(Pictures with short captions)
________________________________________

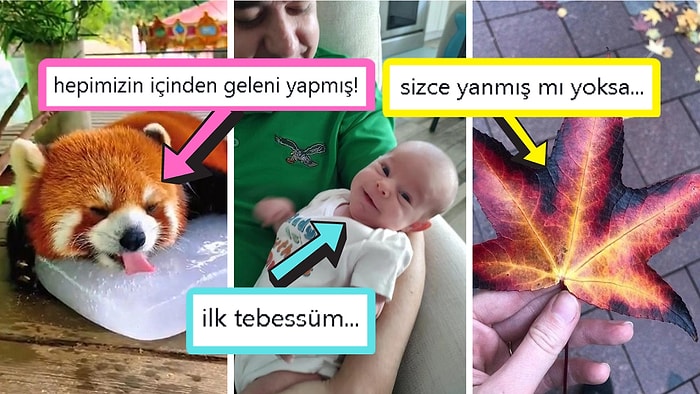 Gördüğünüz Anda İçinizin Yağlarını Eritip Sizi Pamuk Gibi Yapacak Birbirinden Etkileyici 15 Görsel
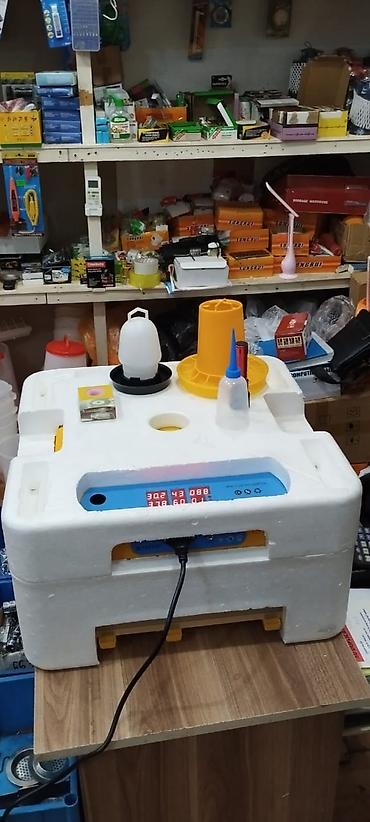 Kənd təssərüfatı avadanlığı: Inkubatorlarin birinci əl satişi unversal inkubator inkubator 196 — 2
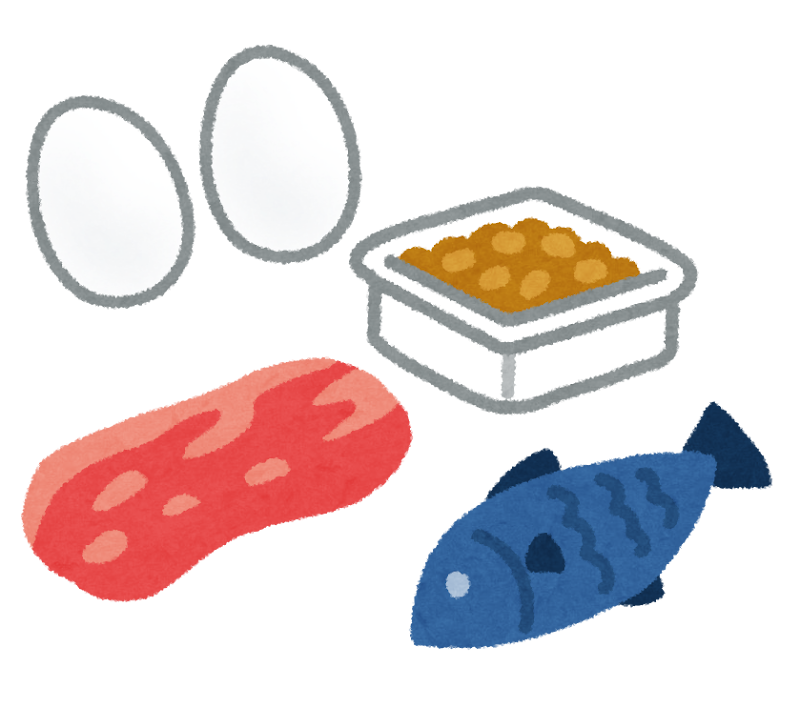 たんぱく質の食材のイラスト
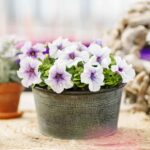 Petunia Seeds - Silver Blue - Image 5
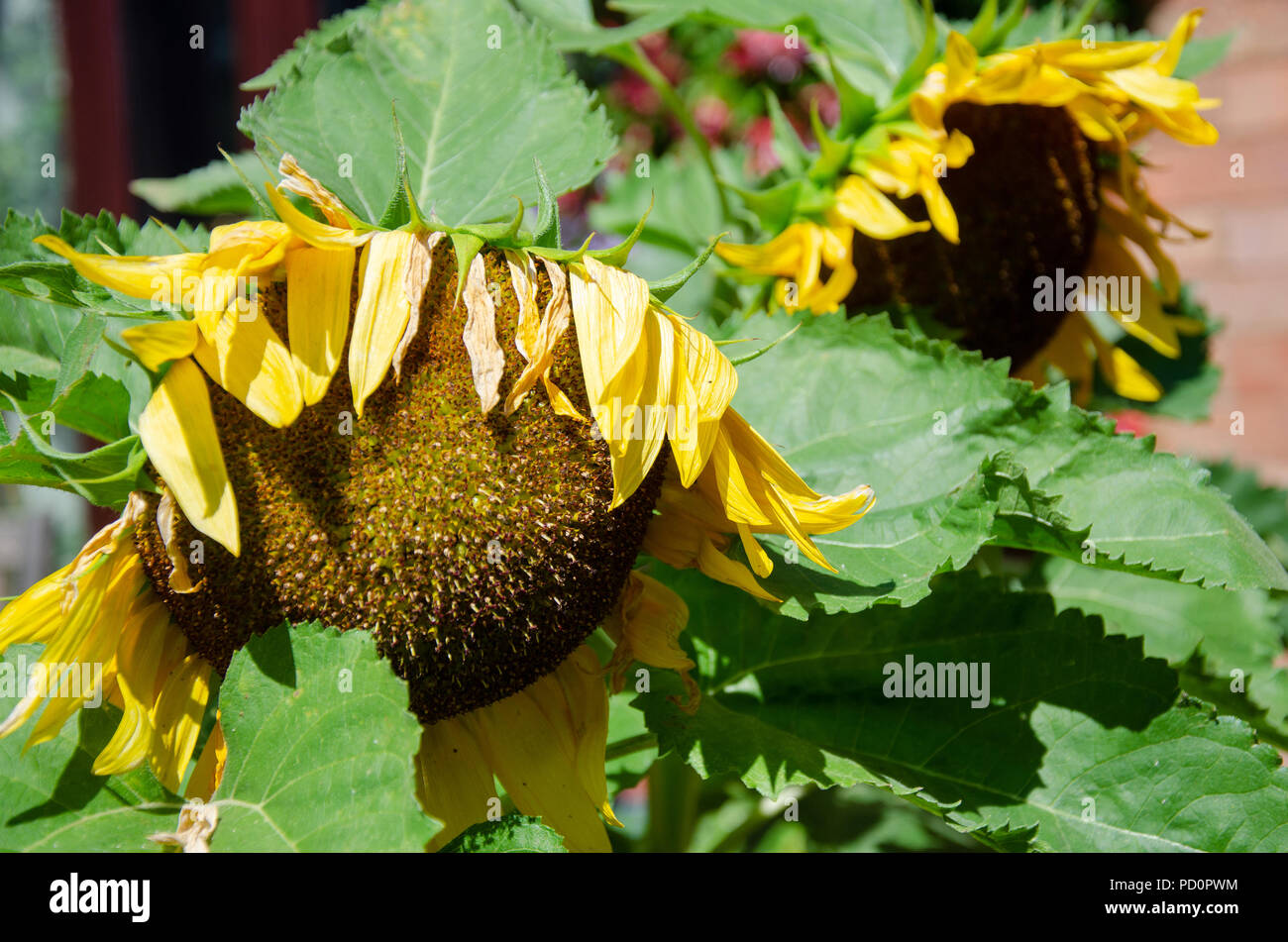 Sunflower flowers suffering in the heat and getting past their best. Stock Photo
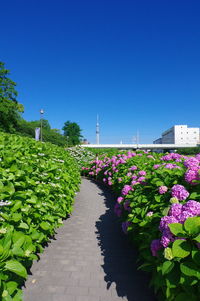 Flowering plants by footpath against clear blue sky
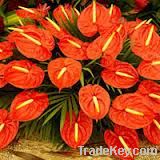 Anthurium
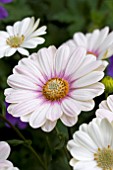 OSTEOSPERMUM CAPE LUENA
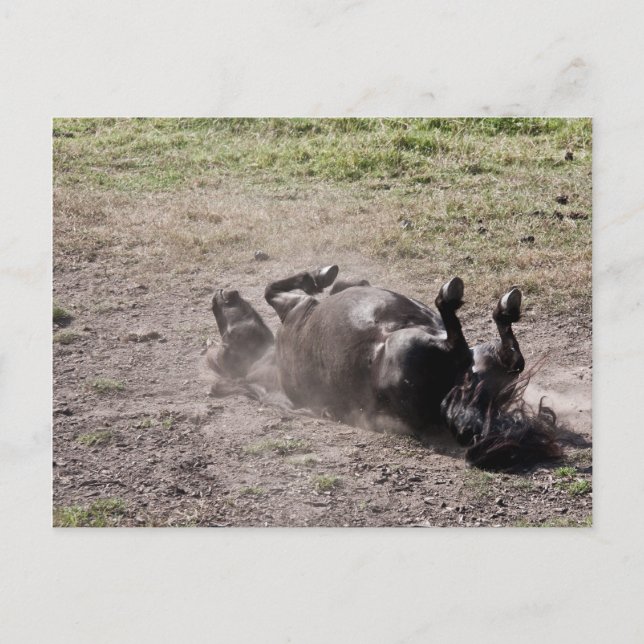 Cartão Postal Cavalo rolando (Frente)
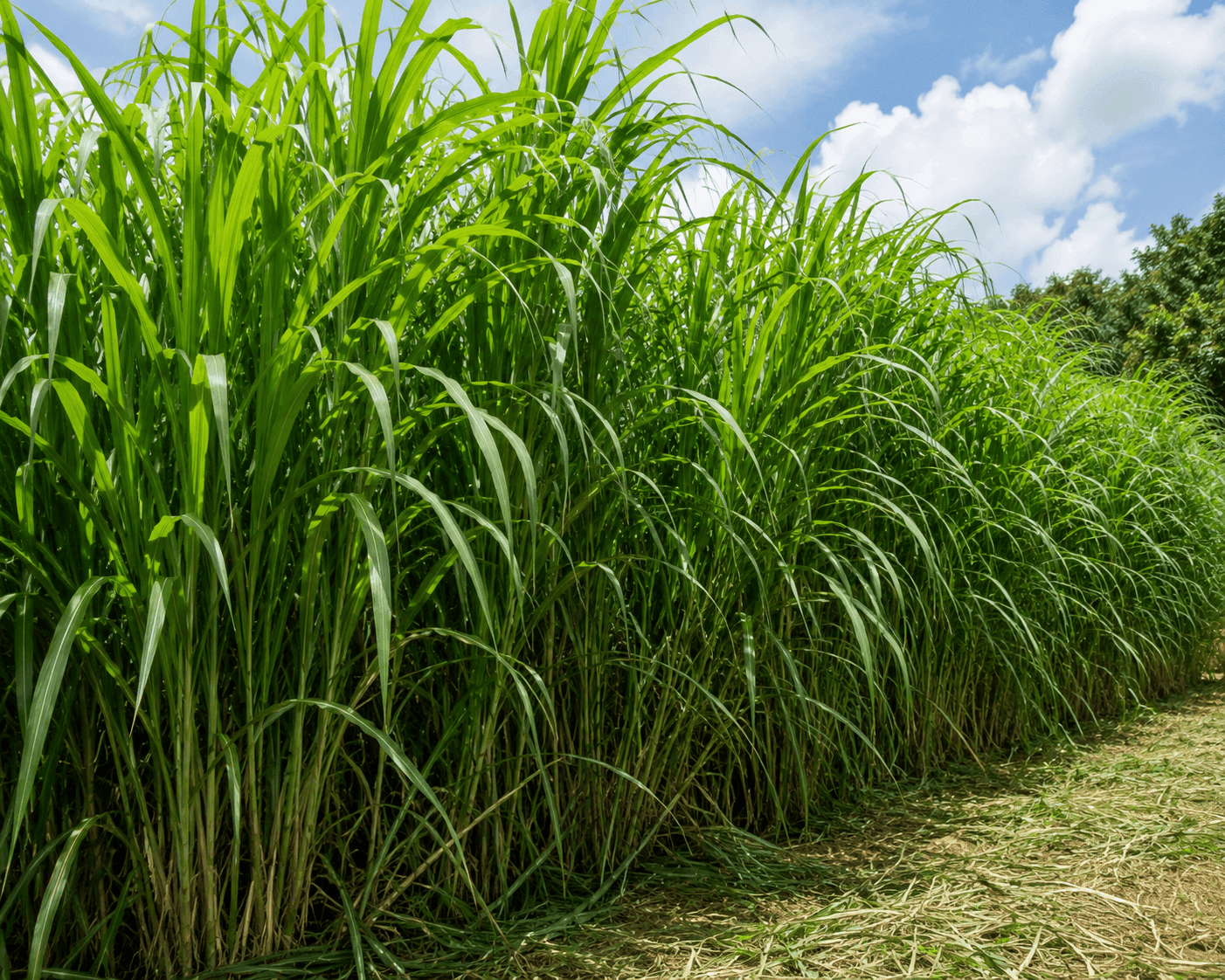 Napier grass growing at De Klomp Homestead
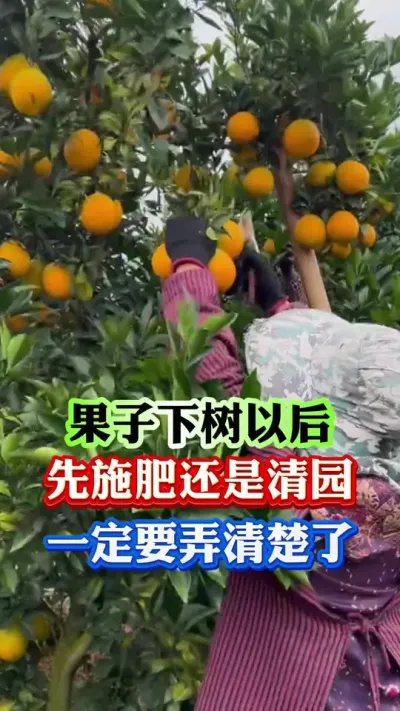 果子下树以后，先清园还是施肥#果树种植 #果树管理 #病虫害防治 #果园管理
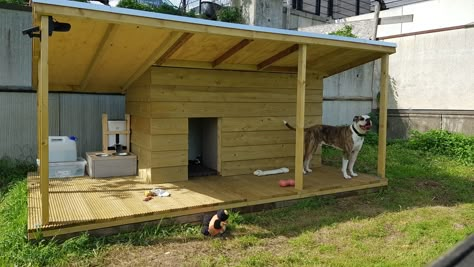 DIY Dog House / Dog kennel. Thermally insulated walls, ceiling and floor. Diy Xl Dog House, Diy Insulated Dog House, Xl Dog House, Garden For Dogs, Insulated Dog House Plans, Dog House Diy Plans, Big Dog House, Extra Large Dog House, Insulating A Shed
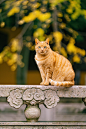 苏州西园寺里，皈依的大橘猫“铛铛” ​​​​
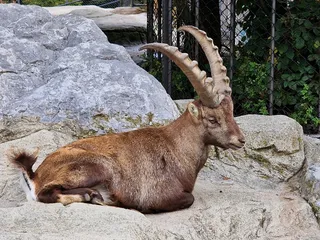 Wildpark Peter und Paul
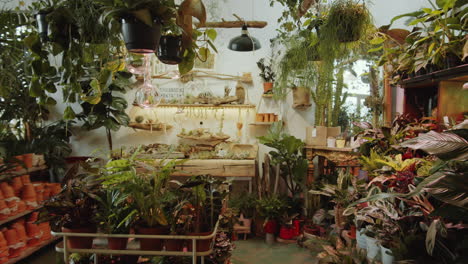 interior of room filled with lots of green plants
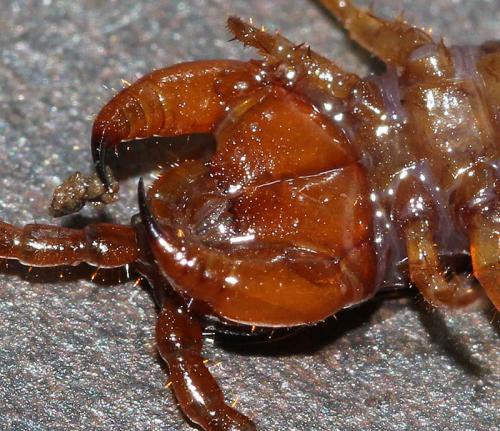 Lithobius pilicornis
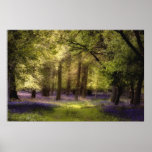 Tunnel de jacinthe des bois posters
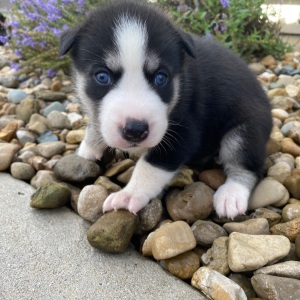 Siberian Husky Puppy Jodi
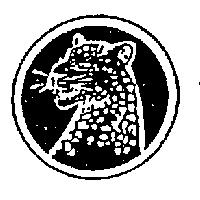 豹圖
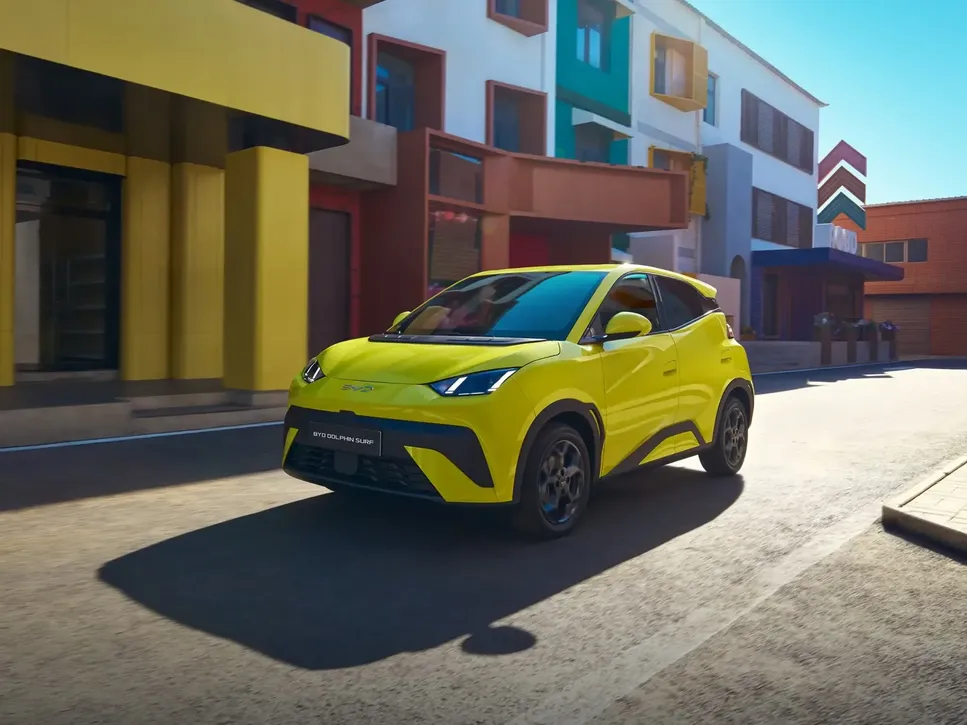 Model - Dolphin Surf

________________________________________

* **GOAL OF THE EXERCISE**: Output the records above character for character, but leave each image out.

* **ANSWER BOX**:
 Gördüğünüz Anda İçinizin Yağlarını Eritip Sizi Pamuk Gibi Yapacak Birbirinden Etkileyici 15 Görsel
 Kənd təssərüfatı avadanlığı: Inkubatorlarin birinci əl satişi unversal inkubator inkubator 196 — 2
 たんぱく質の食材のイラスト
 Petunia Seeds - Silver Blue - Image 5
 Sunflower flowers suffering in the heat and getting past their best. Stock Photo
 Flowering plants by footpath against clear blue sky
 Anthurium
 OSTEOSPERMUM CAPE LUENA
 Cartão Postal Cavalo rolando (Frente)
 Napier grass growing at De Klomp Homestead
 果子下树以后，先清园还是施肥#果树种植 #果树管理 #病虫害防治 #果园管理
 DIY Dog House / Dog kennel. Thermally insulated walls, ceiling and floor. Diy Xl Dog House, Diy Insulated Dog House, Xl Dog House, Garden For Dogs, Insulated Dog House Plans, Dog House Diy Plans, Big Dog House, Extra Large Dog House, Insulating A Shed
 苏州西园寺里，皈依的大橘猫“铛铛” ​​​​
 Wildpark Peter und Paul
 interior of room filled with lots of green plants
 Lithobius pilicornis
 Tunnel de jacinthe des bois posters
 Siberian Husky Puppy Jodi
 豹圖
 Model - Dolphin Surf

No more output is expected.